Scheduling for Reduced Tail Task Latencies in Highly Utilised Datacenters
Repository URI
Repository DOI
Change log
Authors
Abstract
Modern datacenters have become the backbone for running diverse workloads that increasingly comprise data-parallel computational jobs. Due to the ease of use and diversity of resources they host there has been a rise in the demand for datacenters leading to high volumes of traffic. Datacenters execute thousands of jobs by scheduling billions of tasks every day. To meet these demands, datacenter providers operate their clusters at levels of high utilisation. We show that under such conditions existing scheduling designs impose 3x larger wait times on tail tasks, that is, tasks that finish the last among tasks of jobs. This leads to large tail task completion times and consequently, elevated job completion times.
In this dissertation, we propose a new decentralised scheduling model, Murmuration, that uses multiple communicating scheduler instances to ensure tasks are scheduled in a manner that reduces their total wait times. It achieves this by scheduling all tasks of a job such that their start times are as close together as possible, thereby ensuring small tail task completion times and better average job completion times.
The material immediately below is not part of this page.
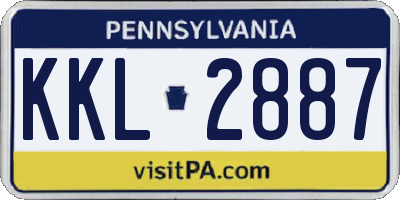 PA license plate KKL2887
Our evaluation of Murmuration using publicly available workloads on a real-world cluster shows a median job completion time that is 15 --- 25% less than that of the default Kubernetes scheduler under both bursty and normal request arrival rates, reducing the median completion times by a fourth. We show that Murmuration scales to incoming workloads by scheduling more than a million tasks in a matter of minutes and exhibits a near-constant scheduling time for tasks even in very large scheduler deployments. We further enhance the design of Murmuration by incorporating queue re-ordering techniques for both scheduling jobs and executing tasks. Simulations show that with shortest remaining job first policy Murmuration outperforms other schedulers with a median job completion time that is 100x better than that of the current schedulers when evaluated on two industry workloads. Murmuration is also capable of handling scheduler failures with a performance impact of a mere 0.17% increase in job completion times at the 99th percentile. Moreover, increasing the number of scheduler instances in Murmuration improves its performance by reducing the total wait times of jobs assigned to the new schedulers.